Records contained in a dataset:
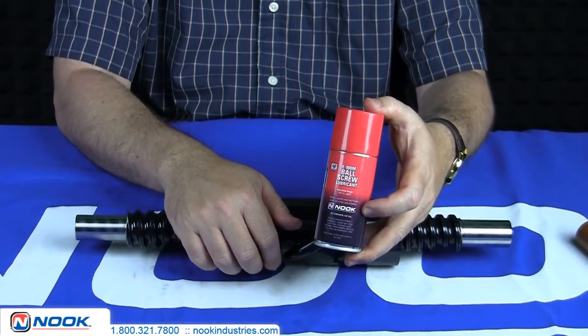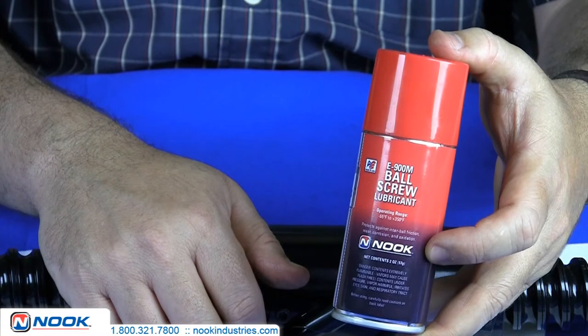For maximum ball bearing life, Nook Industries recommends Nook E900 Ball Screw Lubricant.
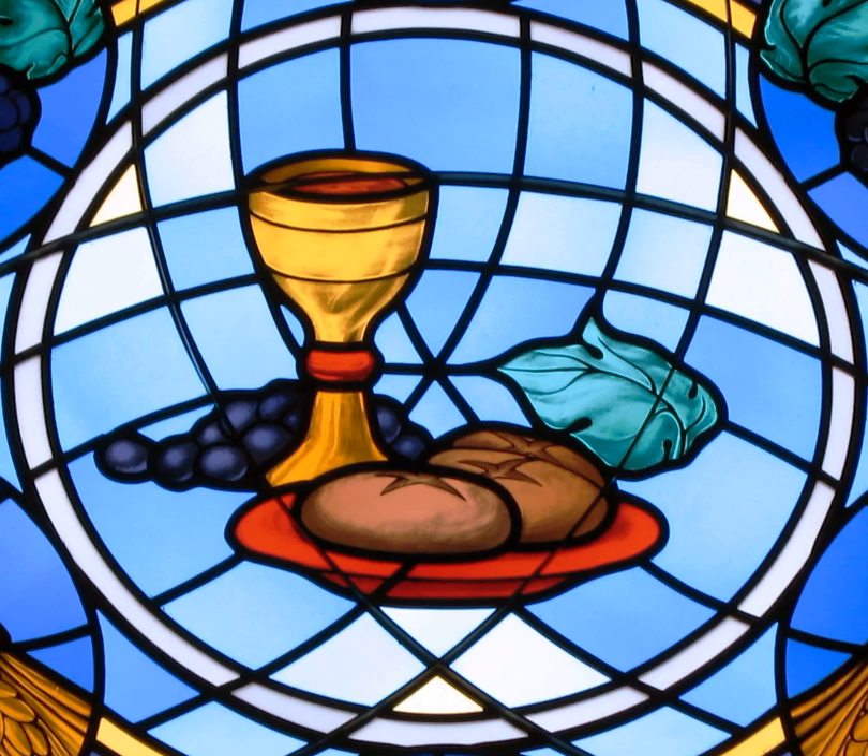In the Eastern Orthodox Church, leavened bread is employed for the Eucharist. Traditionally, the consecrated bread is placed in the chalice and is given together with the consecrated wine directly into the communicant's mouth with a small spoon.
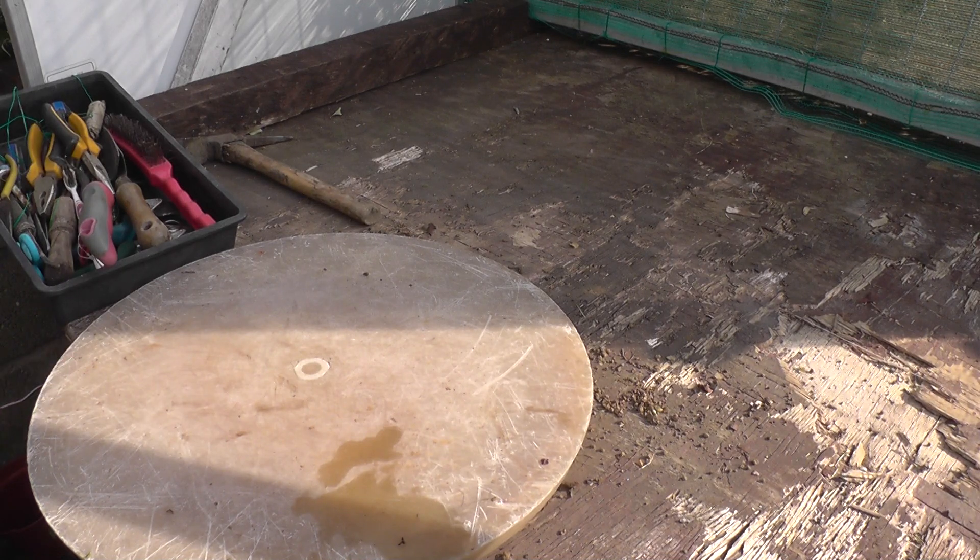Today we're going to have a little rundown on the types of tools I use for doing bonsai. I've had a couple of requests from people asking whether they need specialized tools or not, or whether they can just use ordinary garden secateurs.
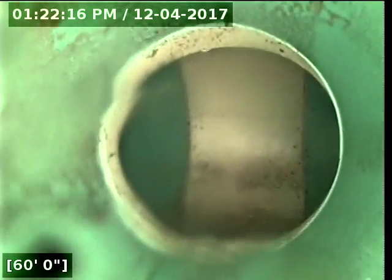At 23 feet 3 inches, we have a transition from ABS to 30-34. At 60 feet, we have hit the city main on the southwest street.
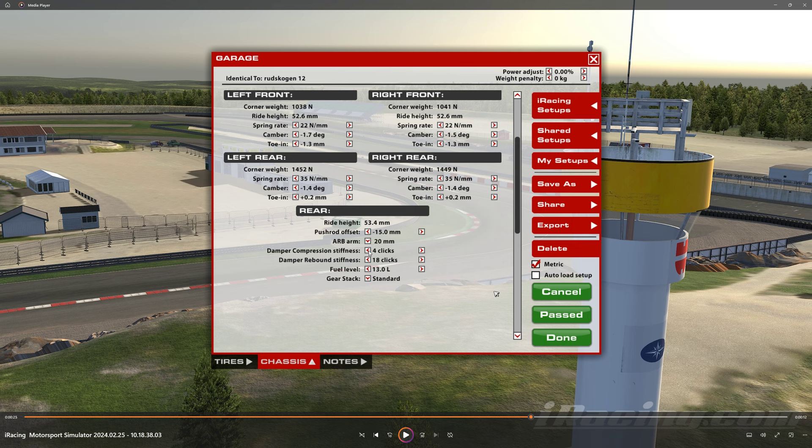Damper compression in the rear is softened — it's down to a 4. Lots of uphill and downhill where you're getting on the gas, and lowering the compression here just gets the rear tires spinning less. 13 liters should get you to the end, however you may want 14 just to be safe. Standard is the gear stack I'm going with. You barely reach the rev limit in standard, so tall is a little crazy. However, if you're using a stick, tall might be a little easier. But standard if you're using paddles is definitely going to get you a little quicker.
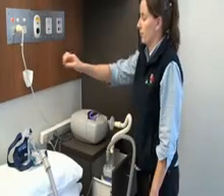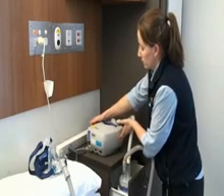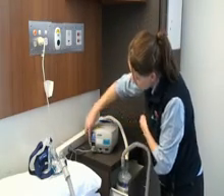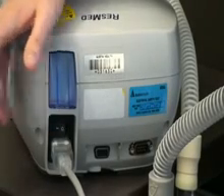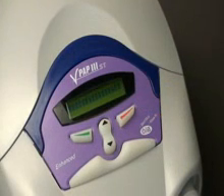Preparing for use before bedtime. Switch on at the power point and make sure the power switch at the back of the machine is turned on. The display screen will light up. The ventilator is now on standby, ready for use.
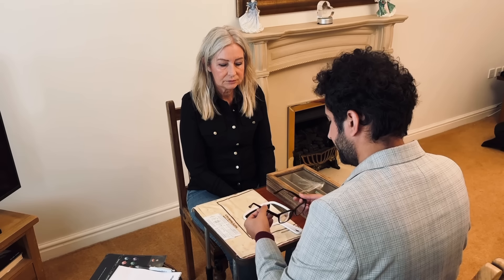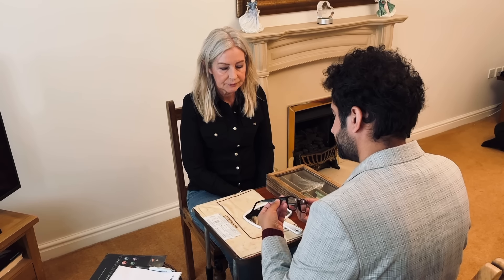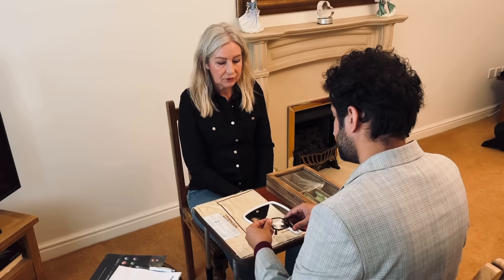Right, so current reading glasses, let's have a look. They do need tightening up there, but are you looking for something similar? Yeah, I think so. In terms of plastic style? Yeah, lightweight. All right, and what about colours? Are you open to different colours? Yeah, I'd like to try a different colour this time.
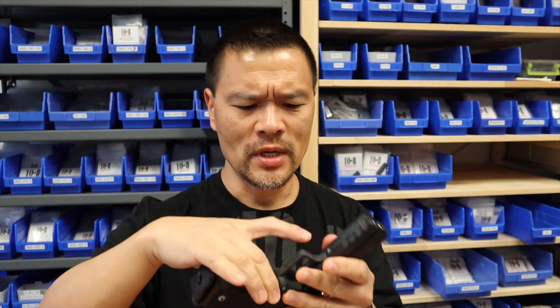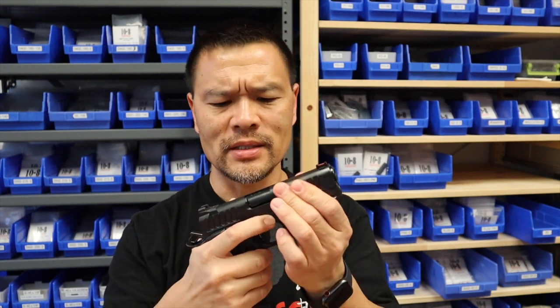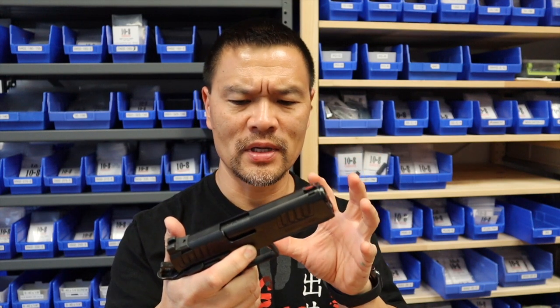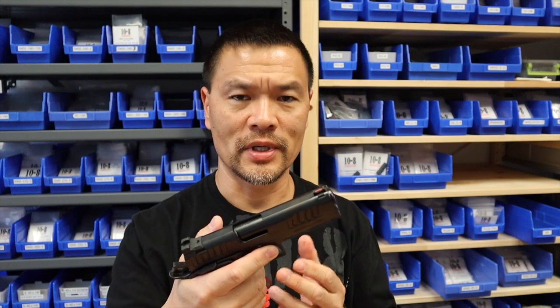Something I didn't highlight enough, perhaps for those newer to this platform, is that the slide-to-frame and barrel fit is all machined and hand-fit, versus the other guns I talked about before that are production level at around $1,400–$1,500. Those parts are assembled without any specific fitting other than maybe a couple of high spots. They are not specifically machined together to give you this kind of bank-vault fit. That's a really important distinction I want to drive home.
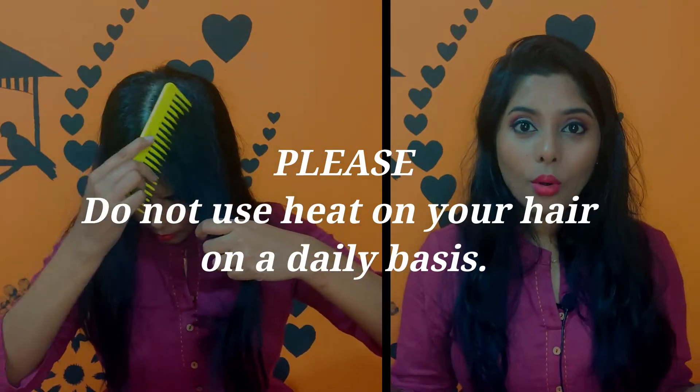Anytime you see smoke coming out of your hair while straightening, it means there's water residue or the temperature is way too high and it's drying your hair out. Be very careful when going close to your roots — you don't want to burn yourself. Because my hair is very thin, I just do one or two swipes and I'm good. It totally depends on your hair texture — if your hair is thick and wavier, you may need to use the straightener multiple times. Do not straighten your hair every single day.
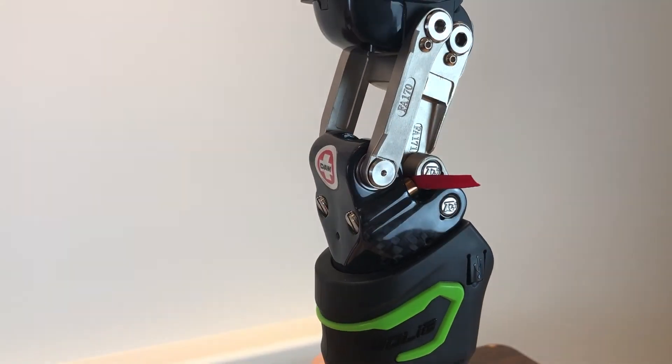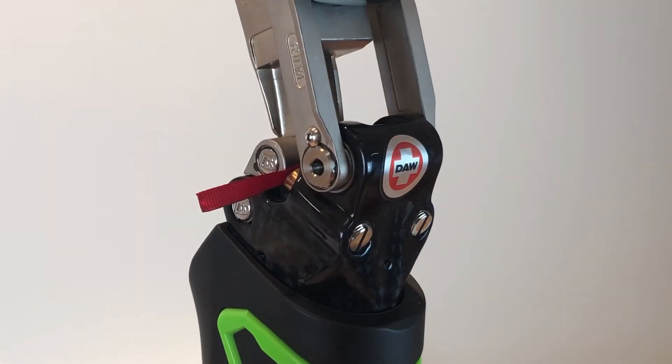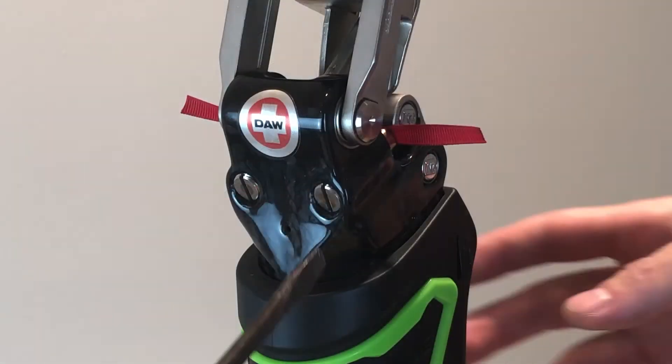The purpose of the red tabs is to ensure there is sufficient pressure on the middle posterior axis for the stance flexion feature to function properly.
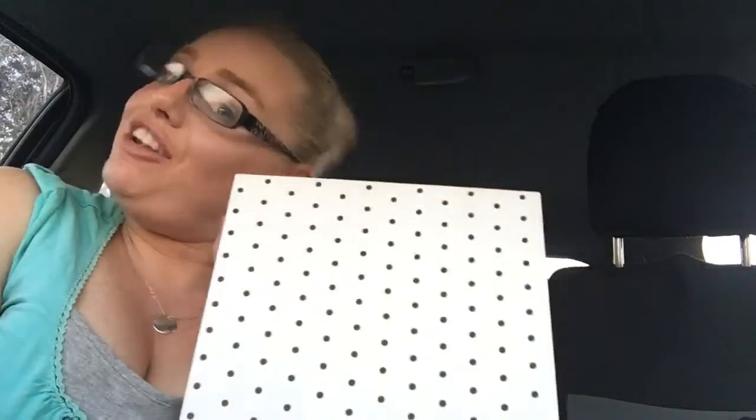I've just been to Kiki K and been very bad because I've just got my hands on the new Paws Planner, and I just couldn't resist giving you a sneak peek. So this is a really quick little look at it.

* [Your goal]: Your task is to restate word for word the lines from the top of the data to the line containing "At 23 feet 3", both ends included, with every picture left out.

* [Answer]:
For maximum ball bearing life, Nook Industries recommends Nook E900 Ball Screw Lubricant.
In the Eastern Orthodox Church, leavened bread is employed for the Eucharist. Traditionally, the consecrated bread is placed in the chalice and is given together with the consecrated wine directly into the communicant's mouth with a small spoon.
Today we're going to have a little rundown on the types of tools I use for doing bonsai. I've had a couple of requests from people asking whether they need specialized tools or not, or whether they can just use ordinary garden secateurs.
At 23 feet 3 inches, we have a transition from ABS to 30-34. At 60 feet, we have hit the city main on the southwest street.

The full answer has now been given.